Weltklasse in Essen: Viktoria Mullova und Pieter Wispelwey in der Philharmonie

Wenn sich zwei so exzellente Solisten wie Viktoria Mullova und Pieter Wispelwey zu einem exklusiven Kammermusikabend zusammentun, verspricht das ein hochrangiges musikalisches Ereignis. Die Prognose wurde eingelöst: In der Essener Philharmonie ereignete sich im Scheine der Kerzen rings um das Podium ein Konzert, das mit dem oft vorschnell vergebenen Etikett der Weltklasse durchaus zutreffend beschrieben ist.

Pieter Wispelwey. Pressefoto: www.pieterwispelwey.com

Pieter Wispelwey. Pressefoto: www.pieterwispelwey.com

Den reinen Bach-Abend eröffnete Pieter Wispelwey, vielleicht nicht der marktgängigste, sicher aber einer der spannendsten Cellisten der Gegenwart. Im September ist seine mittlerweile dritte Einspielung der sechs Cellosuiten Bachs erschienen; ein Zeichen für das stetige Nachdenken des mittlerweile Fünfzigjährigen über Bachs tiefgründige Musik. Die bisherigen, preisgekrönten Aufnahmen legen die Messlatte für das Konzert hoch. Der erste „Sprung“ gelang noch nicht so reibungslos: Der Beginn der G-Dur-Suite BWV 1007 wirkte fahrig; Wispelwey neigte zu leichtgewichtiger, aber auch heterogener Tongebung mit merkwürdig unruhiger Phrasierung.

Zwar durften Allemande und Courante tänzerische Energie verstrahlen, die Sarabande aber wollte der Cellist offenbar nicht dezidiert absetzen. Bewegt und luftig dagegen die abschließende Gigue. Die Balance zwischen der farbigen Betonung einzelner Noten, wie sie in der historisierenden – pardon, historisch informierten – Musikpraxis gerne betrieben wird, und dem Blick auf den inneren Zusammenhang wollte sich noch nicht einstellen.

In der c-Moll-Suite BWV 1011 waren solche Anfangsprobleme kein Thema mehr. Wispelwey entfaltet einen leichten, rauchig angerauten Ton, artikuliert genau bis hinein in rhythmische Raffinessen, entwickelt ausdrucksvolle Färbungen auf einer dunkel-weichen Grundlage. Der Elan der schnellen Sätze, die pointierte Rhythmik der Gavotten, die weltverlorene Meditation der Sarabande: Wispelwey beseelt sein Spiel, ohne den Abstand zu den sonor erfüllten Interpretationen der älteren Meister aufzugeben. In der D-Dur-Suite BWV 1012 spannt er so den Kontrast auf zwischen einem verinnerlichten Nachspüren der weit angelegten Legato-Zusammenhänge und dem federnd-nonchalanten Tanzgestus.
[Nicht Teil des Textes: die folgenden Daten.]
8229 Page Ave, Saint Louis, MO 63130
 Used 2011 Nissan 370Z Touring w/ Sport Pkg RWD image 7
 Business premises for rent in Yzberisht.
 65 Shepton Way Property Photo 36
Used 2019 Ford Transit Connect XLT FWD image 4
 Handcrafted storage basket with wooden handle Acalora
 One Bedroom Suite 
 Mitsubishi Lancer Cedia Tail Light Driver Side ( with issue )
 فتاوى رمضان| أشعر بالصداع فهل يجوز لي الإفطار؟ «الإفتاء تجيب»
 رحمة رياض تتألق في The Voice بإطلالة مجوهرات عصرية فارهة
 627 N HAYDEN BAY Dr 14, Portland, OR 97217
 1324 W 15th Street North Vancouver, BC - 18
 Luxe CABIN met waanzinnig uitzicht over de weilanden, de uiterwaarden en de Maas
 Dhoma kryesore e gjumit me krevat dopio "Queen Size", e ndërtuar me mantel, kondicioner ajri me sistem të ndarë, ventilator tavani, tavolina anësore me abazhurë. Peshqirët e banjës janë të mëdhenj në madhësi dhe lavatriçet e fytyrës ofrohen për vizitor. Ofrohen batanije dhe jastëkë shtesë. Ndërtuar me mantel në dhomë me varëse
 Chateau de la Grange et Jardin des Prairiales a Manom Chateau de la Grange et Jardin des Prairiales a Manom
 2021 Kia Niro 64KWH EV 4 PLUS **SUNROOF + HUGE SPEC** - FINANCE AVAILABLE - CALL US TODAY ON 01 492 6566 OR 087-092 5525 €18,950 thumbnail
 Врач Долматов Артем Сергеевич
Viktoria Mullova. Foto: J Henry Fair

Viktoria Mullova. Foto: J Henry Fair

Drei Abschnitte mit jeweils einem Cello- und einem Violinwerk, gegliedert durch zwei Pausen – so war der dreistündige Abend aufgebaut. Viktoria Mullova kam zunächst mit einer Moll-Tonart zu Wort: Die Sonate BWV 1001 ließ am überragenden Rang ihrer konzentrierten Interpretationen keinen Zweifel. Bachs Experiment einer vierstimmigen Fuge auf einem Instrument war technisch vollkommen beherrscht und musikalisch durchdrungen: So klar wie Mullova hat kaum jemand dieses Stück erschlossen. Kein Wunder, dass ihre CD der sechs Solowerke für Violine hymnische Kritiken erhielt und als Referenzaufnahme gilt.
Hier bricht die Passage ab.